For 20 years, Steamboat resident Rob Douglas was a Washington, D.C. private detective specializing in homicide, political corruption and terrorism. Since 1998, Douglas has been a commentator on local, state and national politics in Washington, D.C., Maryland and Colorado. To reach Rob Douglas, email rdouglas@SteamboatToday.com.
Find more columns by Douglas here.
Six months ago, Steamboat Pilot & Today published my first weekly column. During that period, I've received hundreds of comments and questions about the opinions I've expressed and the topics I've selected. Today, I'll attempt to address the most frequent inquiries.
Most of the questions I receive fit within the categories of what, when and why. What issues are important to me? Why are they important? And, when do I think an issue should be covered in a relatively small and insular community?
The issues that most interest me are those involving public policy. How public officials conduct themselves and how they reach decisions that impact the communities they represent are paramount each week when I reprioritize the ever-growing list of topics I maintain.
A quick look at the columns I've written since Feb. 29 demonstrates there is no dearth of important public policy issues in Routt County.

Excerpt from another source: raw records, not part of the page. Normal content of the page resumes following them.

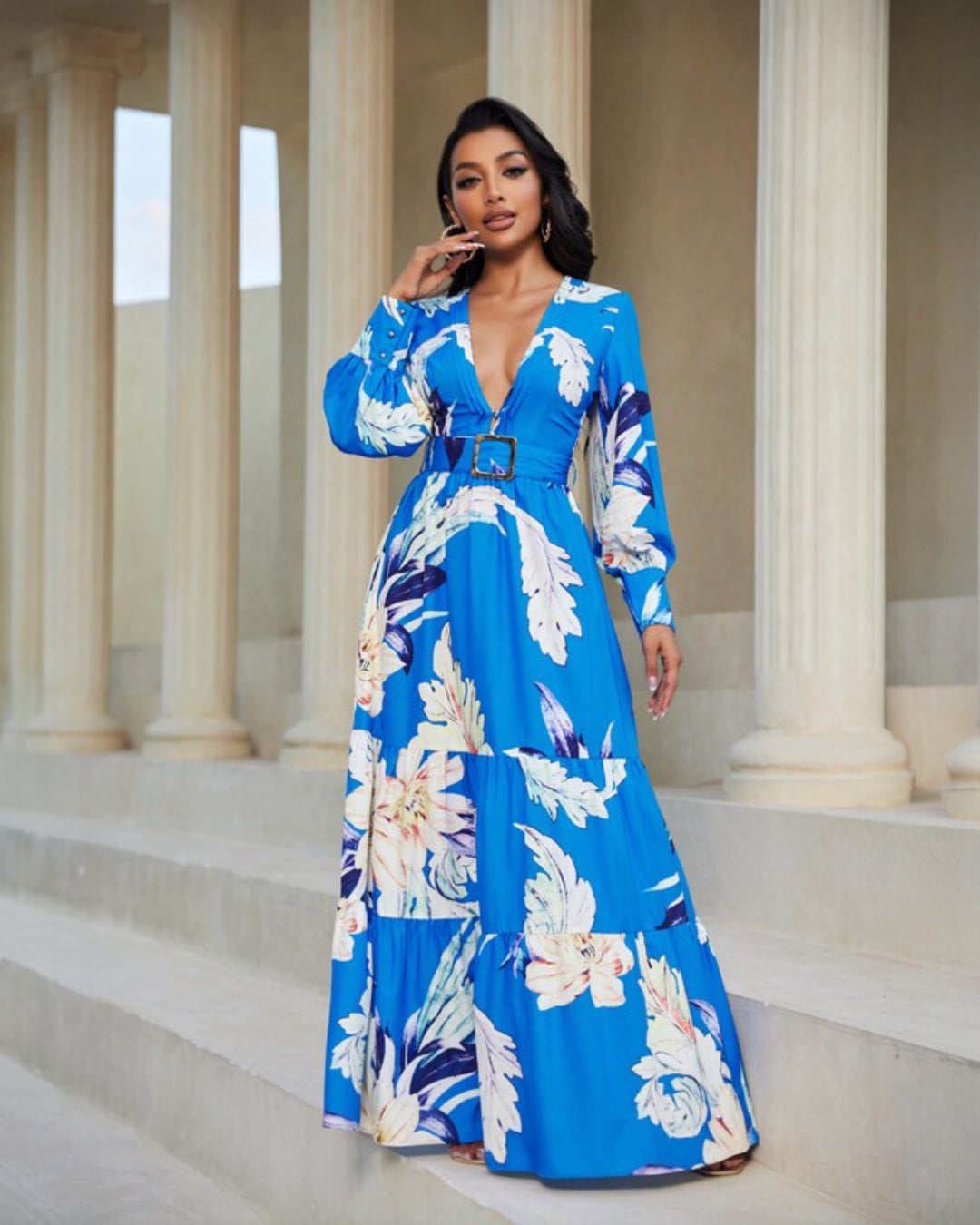 Bea Maxi Dress Bea Maxi Dress
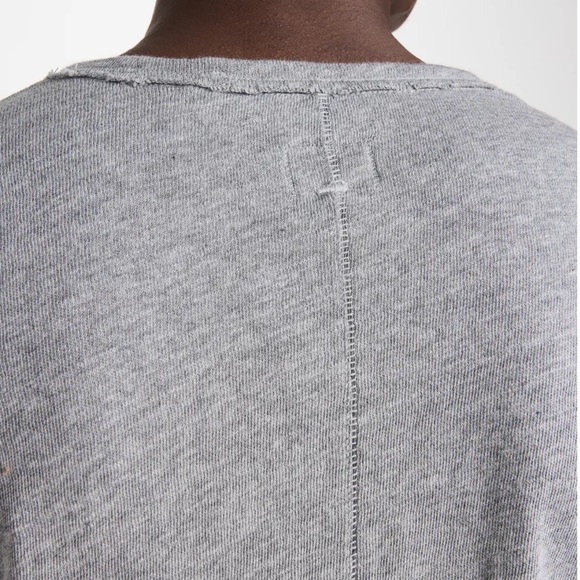 Rag & Bone Classic Flame Tee - Picture 3 of 14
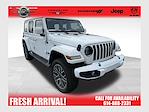 Used 2022 Jeep Wrangler 4xe Unlimited Sahara for sale #47929E - photo 1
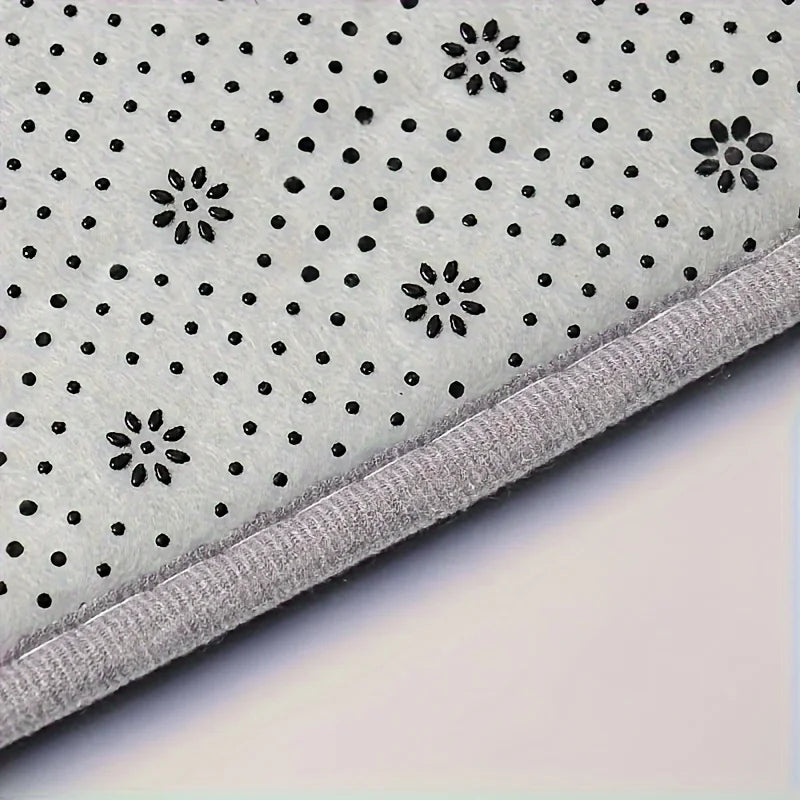 Tapete Ultra-Aborvente para Banheiro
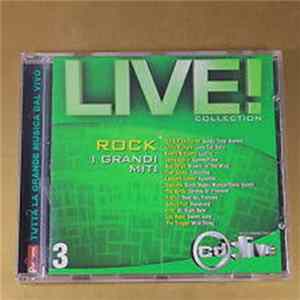 Various - Live Collection - Rock FLAC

Those issues include: racism; the interaction between Triple Crown Sports and our community; the propriety of elected representatives favoring one constituent over others as illustrated by the striping of Routt County Road 36; the granting of variances far in excess of building codes; an elected official's duty when convicted of a crime; the lack of civic participation at public meetings; light pollution in our valley; the number of illegal residences in Steamboat as revealed by the death of David Engle and the lack of any meaningful policy changes in response to his death; the divisive nature of Steamboat Springs School Board member John DeVincentis; and the lack of civilian control of the Oak Creek Police Department.
Why do I think public policy issues are worth writing about? Because those issues impact the largest number of citizens, and the level of civic involvement in the resolution of issues of public concern is often a good barometer of the civic health of a community.

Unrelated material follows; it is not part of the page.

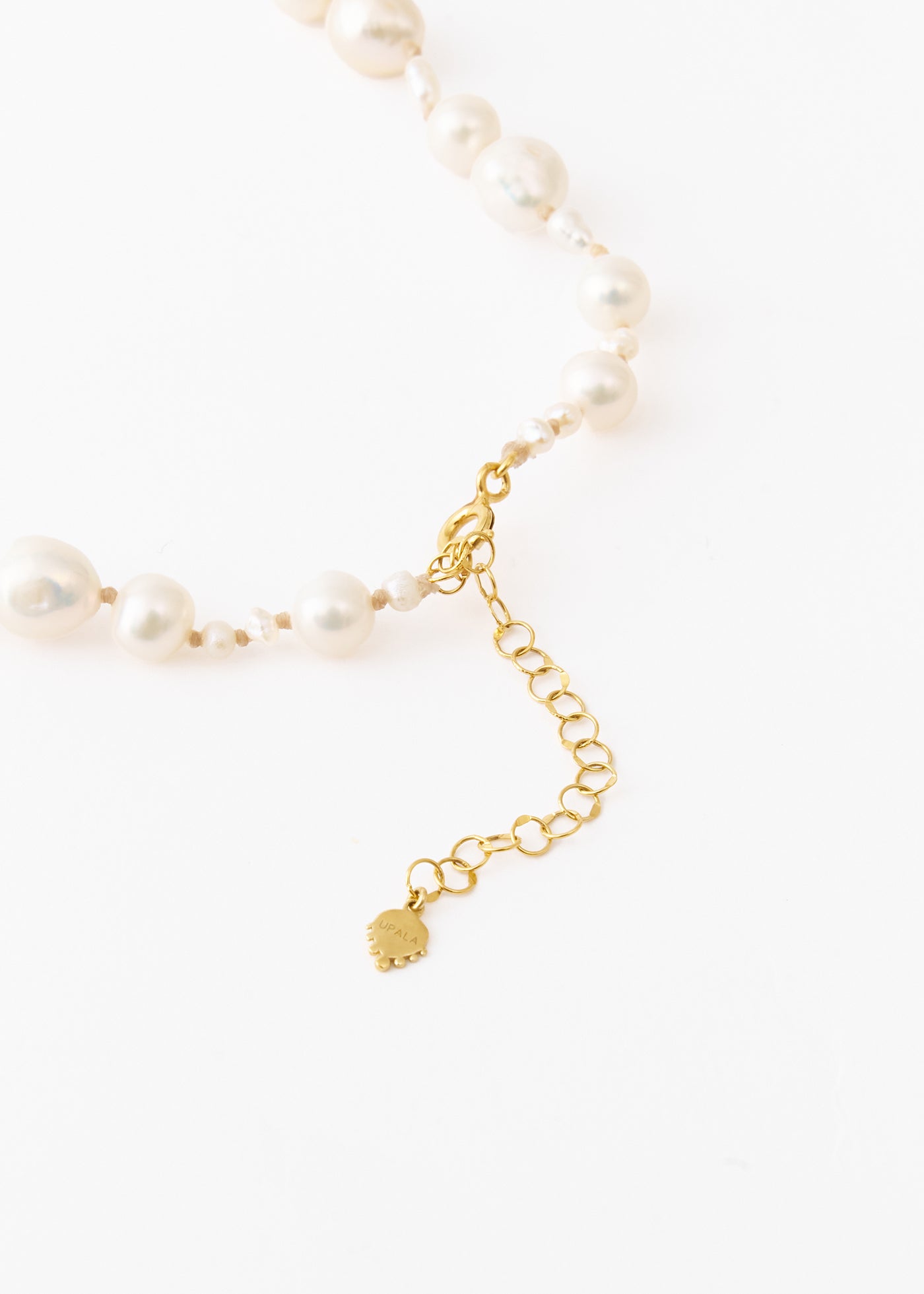 Celestial Pearl Necklace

For example, I am struck by the difference between how the residents of Steamboat Springs and Oak Creek are reacting to issues currently confronting their respective elected officials.

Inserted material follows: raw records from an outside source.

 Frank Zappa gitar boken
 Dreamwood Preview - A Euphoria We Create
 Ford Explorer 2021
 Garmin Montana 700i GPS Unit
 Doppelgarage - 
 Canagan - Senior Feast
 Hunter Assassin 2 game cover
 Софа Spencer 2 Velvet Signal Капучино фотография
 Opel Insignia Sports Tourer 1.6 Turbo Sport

Steamboat Springs is dealing with the controversial termination of a city manager and the selection of a new manager, during a crucial time period given pending revenue and urban growth challenges. Oak Creek is dealing with a controversial police chief and significant issues concerning separation of powers and civilian oversight.
But here's the difference:
At a Steamboat Springs City Council meeting held specifically to obtain community input about the desired qualities for the next city manager, three people addressed the council. Out of about 11,000 Steamboat Springs residents, three showed up to speak to the council about their views on choosing who will lead the city administratively for the foreseeable future.
On the other hand, at a recent meeting in Oak Creek, 40 residents - out of a population of 950 - crammed the meeting room and an adjacent hallway to express their view of the police department. That's the statistical equivalent of 450 Steamboat residents. Additionally, the overwhelming majority of merchants in Oak Creek ran an ad for three days in the Steamboat Pilot & Today offering an apology to Routt County for the current policing situation in Oak Creek.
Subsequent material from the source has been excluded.